In any case, I'm a decent marketer, and not too shabby in the public relations department. My motto is "speak softly so you can whack the maximum number possible with a big stick before they know what is happening."
But when it comes to marketing my own creative works (such as a hand carved sludge pot or a rock I chewed on once), the marketing becomes more personal. My "brand" (if it must be called that) becomes a lot more strange.
For instance, I've got no problem casting out a simple slogan like "Thumbtack 3000 will change your life." I know, I know, it is just a thumbtack, but I really believe that a good thumbtack will improve the life of someone, as long as they are in need of a really good thumbtack at the time. (Which is why marketers hardly ever say: "Thumbtack 3000 will change your life unless you don't need a thumbtack." See? I'm a marketing genius!)
But when I'm trying to pitch someone how my inspirational, personal, handmade sludge pot will change that person's life, I sort of get quiet. My slogan becomes "My artfully crafted sludge pot will change your life. For the worse." That is in part because my sludge pots might ruin your day. (I have a dazzling little pot, perfect for any decor, that happens to spew fire and poisonous gas as a bonus feature. It cost me a few lesser phalanges and a negligible number of distant relatives.) But it is also in part because although I live in the strange every day, I don't know how to market the strange without being honest.

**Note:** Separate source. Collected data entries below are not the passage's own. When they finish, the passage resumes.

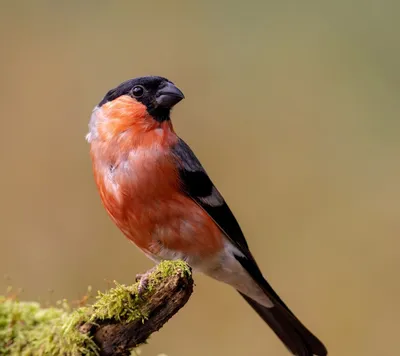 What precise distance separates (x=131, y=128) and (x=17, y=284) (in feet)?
6.69

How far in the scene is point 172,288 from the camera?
6.42ft

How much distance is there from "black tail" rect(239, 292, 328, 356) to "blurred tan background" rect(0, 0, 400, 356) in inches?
54.0

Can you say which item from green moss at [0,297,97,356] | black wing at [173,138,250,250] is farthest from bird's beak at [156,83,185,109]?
green moss at [0,297,97,356]

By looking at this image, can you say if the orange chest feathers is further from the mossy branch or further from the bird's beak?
the mossy branch

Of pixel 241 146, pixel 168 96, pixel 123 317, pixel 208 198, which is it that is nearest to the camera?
pixel 123 317

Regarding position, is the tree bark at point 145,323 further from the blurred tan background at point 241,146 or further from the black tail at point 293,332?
the blurred tan background at point 241,146

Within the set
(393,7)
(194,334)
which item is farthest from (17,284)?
(393,7)

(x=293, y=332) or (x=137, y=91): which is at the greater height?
(x=137, y=91)

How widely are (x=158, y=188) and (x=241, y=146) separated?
2.44 meters

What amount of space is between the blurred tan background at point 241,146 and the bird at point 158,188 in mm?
1664

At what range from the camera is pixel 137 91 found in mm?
2598

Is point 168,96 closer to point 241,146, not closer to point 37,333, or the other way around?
point 37,333

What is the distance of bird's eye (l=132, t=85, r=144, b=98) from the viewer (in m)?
2.60

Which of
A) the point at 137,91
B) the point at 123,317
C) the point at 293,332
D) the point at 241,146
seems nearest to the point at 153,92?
the point at 137,91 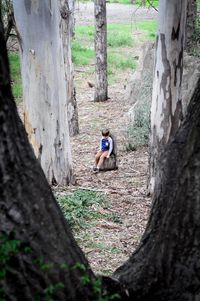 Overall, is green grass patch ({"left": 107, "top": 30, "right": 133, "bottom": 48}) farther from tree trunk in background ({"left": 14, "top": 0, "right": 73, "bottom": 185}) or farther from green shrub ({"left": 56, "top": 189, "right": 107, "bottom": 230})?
green shrub ({"left": 56, "top": 189, "right": 107, "bottom": 230})

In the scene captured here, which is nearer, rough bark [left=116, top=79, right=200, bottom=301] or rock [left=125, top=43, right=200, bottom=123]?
rough bark [left=116, top=79, right=200, bottom=301]

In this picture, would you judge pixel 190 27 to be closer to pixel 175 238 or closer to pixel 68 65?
pixel 68 65

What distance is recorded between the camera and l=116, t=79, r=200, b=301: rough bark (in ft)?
10.6

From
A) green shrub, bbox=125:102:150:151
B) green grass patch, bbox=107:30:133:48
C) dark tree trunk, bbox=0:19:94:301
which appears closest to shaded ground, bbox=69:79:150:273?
green shrub, bbox=125:102:150:151

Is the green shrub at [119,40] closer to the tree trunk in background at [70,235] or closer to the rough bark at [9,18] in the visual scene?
the rough bark at [9,18]

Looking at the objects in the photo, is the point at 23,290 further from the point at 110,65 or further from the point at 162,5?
the point at 110,65

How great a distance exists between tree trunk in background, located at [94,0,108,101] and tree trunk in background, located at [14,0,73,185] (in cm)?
856

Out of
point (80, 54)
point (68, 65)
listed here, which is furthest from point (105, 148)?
point (80, 54)

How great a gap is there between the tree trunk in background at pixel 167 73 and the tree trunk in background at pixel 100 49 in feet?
30.4

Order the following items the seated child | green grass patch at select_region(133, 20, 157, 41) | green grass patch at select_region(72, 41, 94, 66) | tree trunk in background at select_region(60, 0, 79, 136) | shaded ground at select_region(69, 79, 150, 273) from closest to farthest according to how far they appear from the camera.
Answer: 1. shaded ground at select_region(69, 79, 150, 273)
2. the seated child
3. tree trunk in background at select_region(60, 0, 79, 136)
4. green grass patch at select_region(72, 41, 94, 66)
5. green grass patch at select_region(133, 20, 157, 41)

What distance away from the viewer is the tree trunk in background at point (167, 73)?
326 inches

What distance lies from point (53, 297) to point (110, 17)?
33.4 meters

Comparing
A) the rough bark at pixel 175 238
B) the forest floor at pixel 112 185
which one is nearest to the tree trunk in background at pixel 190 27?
the forest floor at pixel 112 185

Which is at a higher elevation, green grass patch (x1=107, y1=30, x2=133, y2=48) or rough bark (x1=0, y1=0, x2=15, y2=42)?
rough bark (x1=0, y1=0, x2=15, y2=42) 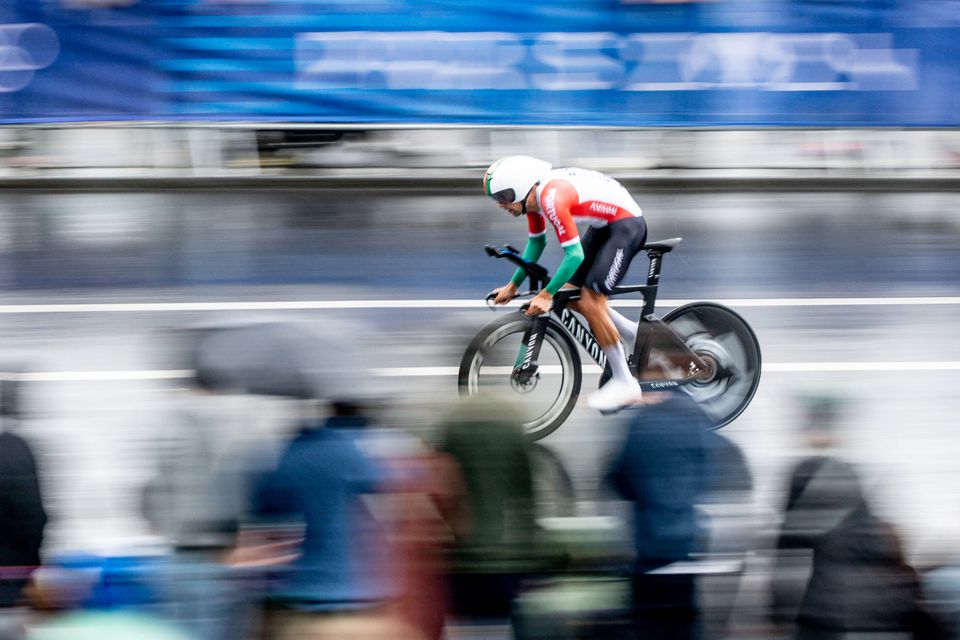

I can't say "Come to the Strange! It's wonderful, like a mountain of candy!" without mentioning that it may cost you your kidney. I may be a monster, but I'm an honest one.
I'm the same about the Gospel. Sure it is good news (in fact, the only good news), but I'm usually careful to mention that accepting it may cost you everything. Faith in Him is really, really difficult. Every day.
So, if you are in the market for weird, have I got a deal for you. Just be warned: someone's going to owe me a kidney.
*This is slight hyperbole. However, one time when I was just a shoat (young ogre) I did put a penny on a railroad track. It derailed the Rock Island Line and snarled transcontinental shipments for weeks. Uhm, yeah. But to call it a federal counterfeiting conviction is a bit of an overstatement.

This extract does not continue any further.